The search for Mr Slater since his disappearance has involved his family, friends, police and specialist mountain rescue teams as well as volunteers from several countries.

But on 30 June, the Guardia Civil said it was calling off its search.

His family continued to look for him, most recently with the help of a group of Dutch mountain rescuers.

Reuters Guardia Civil agent Cipriano Martin, wearing a green jacket, speaks with search volunteers wearing high-visibility red t-shirts and fleeces, before beginning the search for missing Jay Slater in the Masca ravine on June 29, the day before the police search was called off.Reuters

A search involving expert volunteers took place near Masca on 29 June, a day before the police operation was scaled back

Handout Jay Slater the evening before he went missing wearing a grey T-shirt with a green stripe. He smiles into the camera in a selfie.Handout

Jay Slater pictured the night before he went missing

The Guardia Civil indicated in its statement that it was members of its Mountain Rescue and Intervention Group who located the “lifeless body” of a young man.

Throughout the month since Mr Slater went missing, his family have refused to give up hope.

On Saturday, a statement of an official fundraising page, which has raised more than £50,000 towards search efforts, described him as a “normal, hardworking young lad from Lancashire who is very loved by all who know him”.

“Although we don’t have any answers to his disappearance we obviously have to remain positive,” his friend Lucy Mae Law posted on behalf of his family.

Reuters A view of a large cliff face looking down on to a winding road below in the Masca area of northern Tenerife. The land is dotted with cacti and the terrain is rough and hilly. Reuters

The Guardia Civil said it appeared the person whose body was found had died in a fall

Search teams have had to contend with difficult terrain throughout their search for Mr Slater.

Tenerife is a volcanic island in the Atlantic ocean archipelago of the Canary Islands, and the area in which Mr Slater was last seen is full of steep cliffs and gorges.

The land is arid and dotted with cacti.

In his last phone call to his friend Ms Law shortly before his phone battery died, Mr Slater is said to have told her that he was bleeding and needed water.

Another friend of Mr Slater, Brad Hargreaves, later said in a television interview that Mr Slater had video called him just before the call to Ms Law, and had indicated he had slipped off the road he was walking.

Within days of Mr Slater’s disappearance, social media was awash with theories about what had happened to him, including suggestions of foul play.

The Guardia Civil has never suggested they believed any harm had come to Mr Slater by any other person or people.

But that did not do anything to quell the rampant speculation.

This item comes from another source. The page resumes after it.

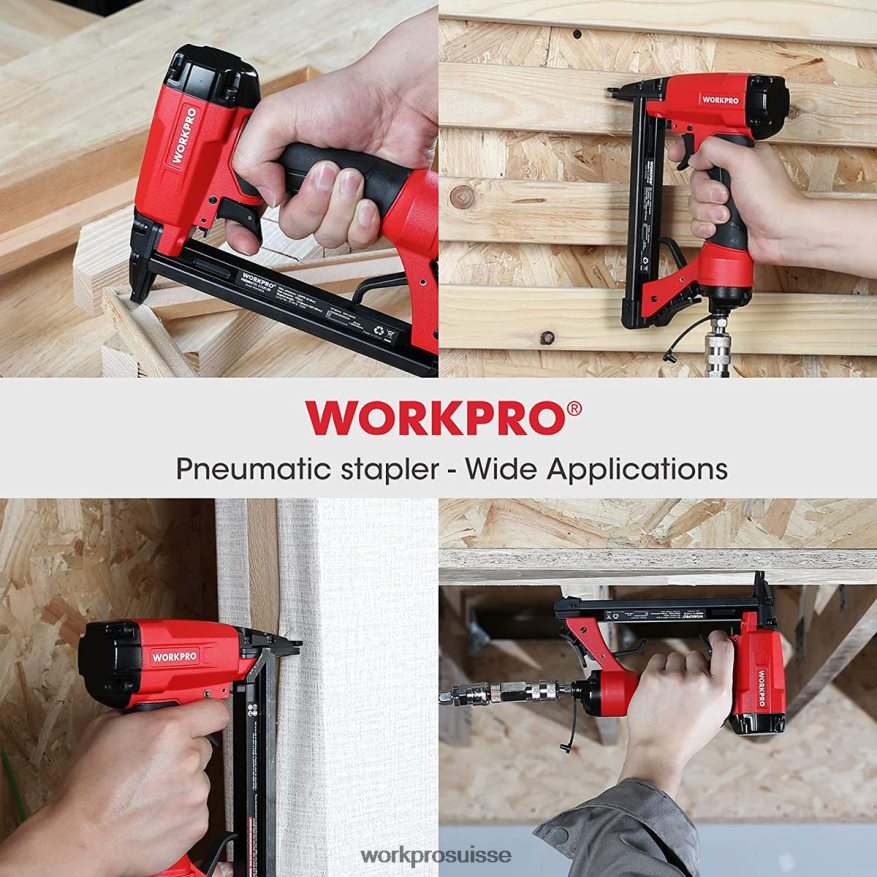 Agrafeuse pneumatique de calibre 20 pour les projets de menuiserie, de menuiserie et de bricolage Z2LXTF61 utile WORKPRO outil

His family and friends said they had found themselves the victims of online trolls.

‘Worst nightmare’

Rachel Hargreaves, the mother of Mr Slater’s friend Bradley Hargreaves, told the BBC she had received a friend request from a fake account using her late mother’s photo as its profile picture.

She said “things don’t normally get to me”, but that had affected her.

“We’re living the worst nightmare you can live and this does not help,” she said.

Mr Slater’s mother also made reference to the upset caused by the online frenzy around the case.

“There is a lot of negativity unfortunately and this is adding to the heartbreak of the unknown”, she said in an update on the GoFundMe page, set up to help pay for the search.